Pride, Privilege and Power Post Stonewall


It was a question posed by Brian Lehrer, NPR host of The Brian Lehrer [radio] Show and podcast.

This month marks the 50th anniversary of The Stonewall Riots in New York City; widely considered the beginning of the modern Gay Rights Movement.

Brian is commemorating this occasion by broadcasting LGBTQ+ stories of how homophobia impacted them during the decade they came out, as well as how they experienced gay pride. The segment, Pride and Prejudice, will run through Friday, June 28th, each day covering a different decade since Stonewall: 69, 79, 89, 99, 2009, 2019.

I came out in my mid 30’s.

It was 06, two years after the premiere of The L-Word enraged three-quarters of the American lesbian population by failing to cast women who looked like ‘real lesbians’ and instead debuted characters whose appearance and stories made me feel like there might be a place for me if I dared to come out. 

History tells me that the groundwork had been laid by previous generations of LGBT+’s. Still, that television show ignited a shift in the acceptance of lesbians and of lesbian life in my world that helped my coming out to land so far on the benign end of the spectrum, that when I look back now, all I feel is privileged and like my story isn’t worth telling. 

Well, I am privileged. I’m white, after all. And I didn’t struggle with the fear of losing my heterosexual status in society because I figured anything I might lose from holding a woman’s hand instead of a man’s would be evened up by the black card I had in my wallet and my half of the millions I’d accrued before I divorced what’s-his-name.  Which is probably why I almost had a breakdown when he defrauded me of it all. But that’s another story.

Actually, it’s not. It speaks to my privilege. And having lost some of it.  

I don’t know if I would have come out had I known it would be sans money. Because when you don’t have a man by your side, the world pushes you the fuck around. And the amount of fighting required on a weekly basis – just to complete normal adulting tasks – really begins to weigh on you. And I can tell you that being able to throw money at problems makes a lot of those problems go away.

All of which is to say, it’s easy to come out when you’re white and rich. There. I said it.

About ten seconds after coming out, I was divorced, broke, in debt, and a lesbian.
Dating another lesbian.
Who was a new graduate.
With a degree in social work.
That cost her 90K in student loans to get.

Being both gay and broke shifted the tectonic plates inside my core in a way that took years to piece back together. For the first time in my life I felt unsafe, uncertain, and unprotected. Which I guess is what life feels like when you’re not drowning in privilege.

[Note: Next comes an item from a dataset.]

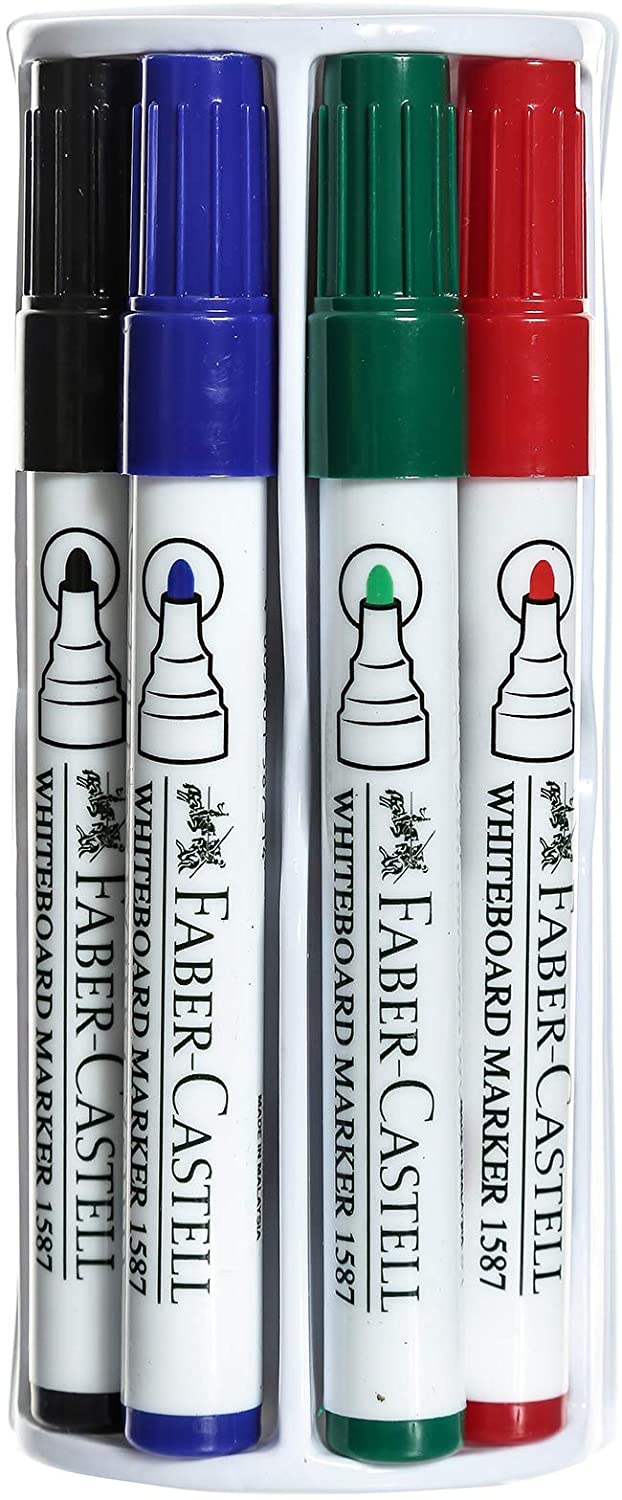 Faber-Castell Whiteboard Marker 4pc+Duster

What that loss of stability did to me was light a fire inside my gut to rebuild financially. And since I fell in love with the social worker who was 90K in debt and 10 years behind me in her career, the burden to make the money naturally fell on me. For the first time in my life.

I can tell you it was a lot easier to make money when I didn’t need it.  

It was only in writing this blog post that I thought of my drive for success as stemming from my need to regain power. The power that came with my hetero privilege.

That need is probably what initially propelled me into the world of media. Which is funny if you only knew how little media pays, at least in the beginning. 

But what it doesn’t pay in dollars, it pays in access: Access to people. Access to opportunity.  Access to belonging. And that access is power. A lot like the kind I lost.

So maybe mine is a story worth telling. Though not for reasons that are obvious.

Maybe it’s a story about what I ultimately gave up to come out. The price of coming out. And my pursuit to regain that currency. That power.

Were I to follow Brian Lehrer’s post-Stonewall timeline, I’d speak to what it was like for me in 2009. Which I vividly remember since it’s the year I got married to my wife. And marriage wasn’t legal for people like me in America or in the state I lived in.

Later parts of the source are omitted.